━━ GIVEN INFORMATION ━━

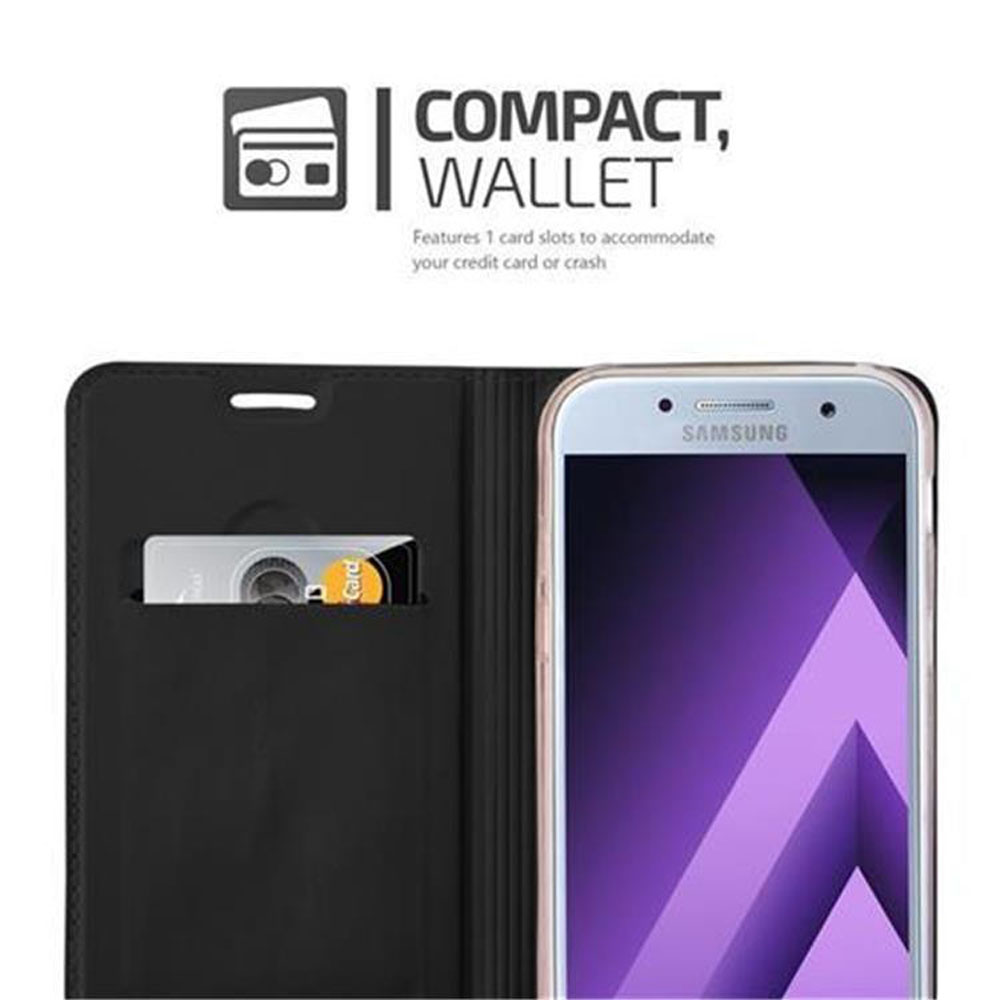 Teléfono en funda tipo cartera, ranura para tarjeta y tarjeta dentro. Fondo blanco.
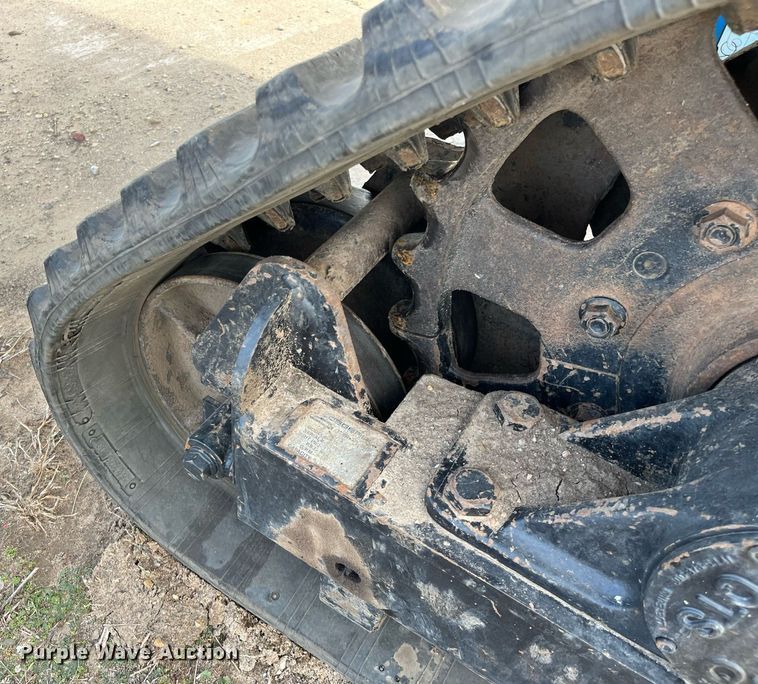 image for item DG5445 2009 Genie S-65TRAX  boom lift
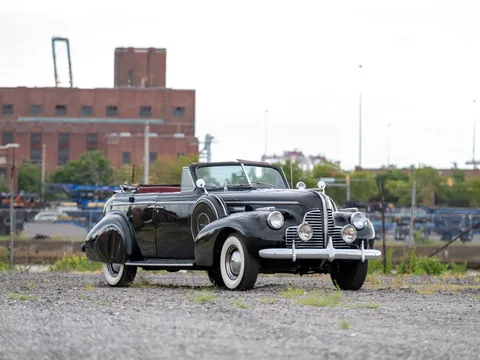 1940 Buick Series 60 Century Convertible Phaeton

━━━

### WORK INSTRUCTIONS
Please produce an exact copy of the listing, omitting the pictures.

### RESPONSE AREA
 Teléfono en funda tipo cartera, ranura para tarjeta y tarjeta dentro. Fondo blanco.
 image for item DG5445 2009 Genie S-65TRAX  boom lift
 1940 Buick Series 60 Century Convertible Phaeton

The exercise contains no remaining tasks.